А рядом сосед Александр Ессоевич Третий,

В бейсболке и чурка, но тоже какой-то поэт,

В гаражах на скамейке из кейса вынает пакет.

В пакете горбушка. Раньше писал в «Континент».

<…>

Вот русская осень: заначкой лежит на скамейке,

И русский поэт Александр Моисеич Двадцатый

Бредет до нее, озираясь, и хлюпает лужей,

И скоро дойдет. А когда-то печатался в «Волге»…

 

Эти персонажи — Александр Степанович Первый, Александр Моисеич Двадцатый — привлекают внимание поэтессы своей изоляцией, своей литературной отторгнутостью, обочинным положением, в чем они сродни ссыльному Овидию.  И знаковым кажется, что текст «Здесь мало девушек и не найти вайфая…» переходит из поэтического — «в столбик» — в прозаический, «в строчку». Это — забвение поэтом своего искусства, поиск нового, в большей степени соответствующего изменившимся обстоятельствам средства выражения.

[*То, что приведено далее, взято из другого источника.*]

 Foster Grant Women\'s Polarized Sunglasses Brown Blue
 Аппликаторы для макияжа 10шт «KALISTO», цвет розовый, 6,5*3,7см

Обратим внимание на слово «вынает» в приведенной выше цитате. Поэтесса, как и в прежних стихах, прибегает к неконвенциональной, иногда инфантильной лексике и синтаксису, деформированному пропусками и рассогласованием: «Я не слыхал про зависть к пенис» («Двухгодовалая Венера…»), «я в одно сижу на ветке» («гроб качается хрустальный…»), «а мы никто и не заметим» («...все равно три недели не виделись яснее и быть не может…»). Этот синтаксис сам по себе сшибается с реминисценциями традиции, которая по определению строго грамматична.

Язык поэзии может сближаться с обыденным словом, с просторечием, а может отдаляться от них, иногда — отталкиваться. У Шостаковской ощутимо одновременно притяжение и отталкивание, словно центростремительное и центробежное движения, при которых бытовое, обиходное, иногда нарочито неправильное высказывание инкрустируется в поэтическую речь, организованную по своим особым законам, бегло очерченным мною. Своеобразный синтаксис, «темы и вариации», вплетение в речь цитат или опознаваемых реминисценций, отсылающих к ситуациям, знакомым именно по поэтической традиции, не позволяют бытовой речи доминировать над языком поэтессы.

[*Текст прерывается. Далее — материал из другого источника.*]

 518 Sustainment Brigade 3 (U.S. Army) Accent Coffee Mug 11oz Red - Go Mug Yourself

      Обыденность, заниженная лексика, оттеняющие патетику в стихотворениях Шостаковской, сами оказываются преодоленными, «деформированными», претерпевают метаморфозы, почти овидиевские. И подразумеваемые события годового промежутка 2013 — 2014, которому посвящена книга, переносятся в перспективу почти бесконечную, в бесконечность творческой игры, где поэзия Шостаковской откликается и на голос сегодняшней улицы, и на «песнопенья» Овидия и Данте.